The Wall Street Journal ran an article yesterday, “Security-Software Industry’s Miniboom,” talking about data privacy and security spending. See:
The focus of the article is around the Payment Card Industry (PCI) and the so called Data Security Standards (DSS). The credit card industry (primarily driven by Visa) has been steadily and systematically shifting more of the responsibilities and liabilities for credit card losses to merchants.
Now this actually makes good sense. Insiders have known for a long time that the losses due to fraud, privacy issues and increasing identity theft have been huge, in absolute terms for many years. (“Huge” means single digit percentage losses multiplied by trillions of dollars moving through the system).
The tension around this is simple really, and we should all care. On the one hand the credit card “brands” are encouraging us to continue to use our cards, and actively promote “don’t worry Mr. Consumer – if you have losses, we have your back.” That is the public position. Slowing down the flow of transactions due to consumer fear is not really a good option for them J
But the brands have been quietly working hard to reduce losses in the system, as they have been picking up (from their perspective) more than their fair share of the consumer loss charges and blame.
So the focus goes to the transaction chain. The PCI regs, which are being ratcheted up and broadened, are really seeking to enforce better practices for all participants in the system.
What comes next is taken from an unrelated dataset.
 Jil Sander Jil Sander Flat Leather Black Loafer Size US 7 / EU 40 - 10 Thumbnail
In December 2006, Visa announced the “compliance acceleration program” which potentially fines the largest banks and merchants for non-compliance with fines beginning at $25,000 a month. The deadline for compliance came into force on September 30, 2007. The next tier of bank and merchants face a similar situation effective December 31, 2007.
Simply put, Visa (and other brands) are simply not willing to pick up the tab for sloppy transactions controls by the credit supply chain. And we should ALL care because at the end of the day WE pay for the losses with higher fees and interest rates.
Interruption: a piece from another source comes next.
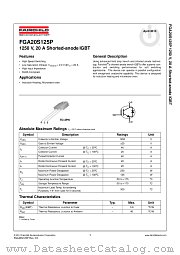 FGA20S125P datasheet pdf Fairchild Semiconductor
These are real data management best practices and security issues. We should make sure all of our “negative controls” are working. The firewalls should be in place, intrusion and anti-virus stuff should be set up correctly, etc.
For the most part, the “physical risk” of losses in the system is yesterday’s news. The bulk of the transactions are handled by the “big banks” and they are pretty darn good at all of this security stuff. And I don’t believe for a minute that we lose as many laptops and servers as the media reports.
The problem with all of this CISP/PCI DSS stuff is that it focuses largely on reactive and negative controls and has traditionally been based on “honor system” compliance with draconian implications if they “catch you.”
There is a better way for all parties. Wouldn’t it be better to deploy “positive” IT controls? (i.e. “I know that all of the software on my IT-based transaction systems are in compliance — and I can prove it over their usage lifetime.”
All sides win with affirmative and positive IT controls based on software and standard image measurement/management.
With IT controls the brands can move away from the honor system and the web services used to connect and pass transactions can exchange positive platform “trust tokens,” assuring a new level of transparent compliance. The banks and merchants can produce higher levels of demonstrated compliance, with a lower cost to implement.
And maybe then consumers will get some break on costs and interest rates. That, or the brands, banks and merchants will see their profits increase nicely….Okay, so I lapsed into cynical….I digress.
Parallel-process, check and balance IT controls to demonstrate affirmative system compliance is just common sense. And the IT world needs a bit more common sense from time to time.